By the time the sun rose on Friday, December 19th, the Homestead Miami race track had been taken over by robots. Some hung from racks, their humanoid feet dangling above the ground as roboticists wheeled them out of garages. One robot resembled a gorilla, while another looked like a spider; yet another could have been mistaken for a designer coffee table. Teams of engineers from MIT, Google, Lockheed Martin, and other institutions and companies replaced parts, ran last-minute tests, and ate junk food. Spare heads and arms were everywhere.

It was the start of the Robotics Challenge Trials, a competition put on by the Defense Advanced Research Projects Agency (DARPA), the branch of the US Department of Defense dedicated to high risk, high reward technology projects. Over a period of two days, the machines would attempt a series of eight tasks including opening doors, clearing a pile of rubble, and driving a car.

The eight robots that scored highest in the trials would go on to the finals next year, where they will compete for a $2 million grand prize.

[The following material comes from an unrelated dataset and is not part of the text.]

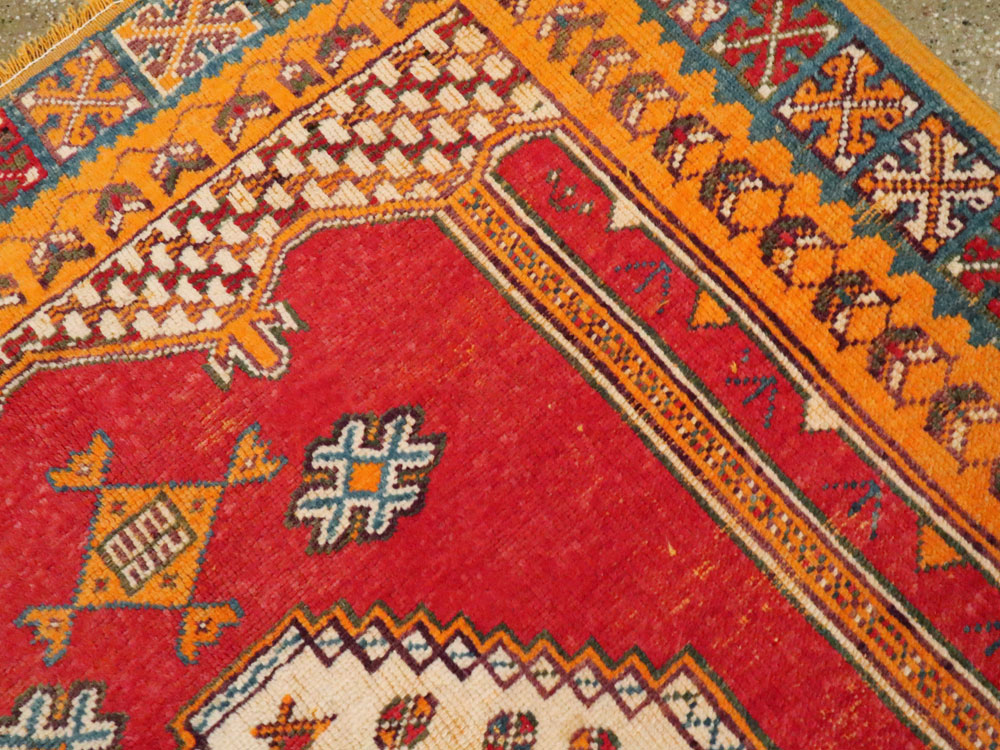 Vintage Moroccan Rug, No.24462 - Gsblank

And one day, DARPA says, these robots will be defusing roadside bombs, surveilling dangerous areas, and assisting after disasters like the Fukushima nuclear meltdown.

Mark Gubrud, a former nanophysicist and frumpy professor sort, fit right in with the geeky crowd. But unlike other spectators, Gubrud wasn’t there to cheer the robots on. He was there to warn people.

“DARPA’s trying to put a face on it, saying ‘this isn’t about killer robots or killer soldiers, this is about disaster response,’ but everybody knows what the real interest is,” he says. “If you could have robots go into urban combat situations instead of humans, then your soldiers wouldn’t get killed. That’s the dream. That’s ultimately why DARPA is funding this stuff.”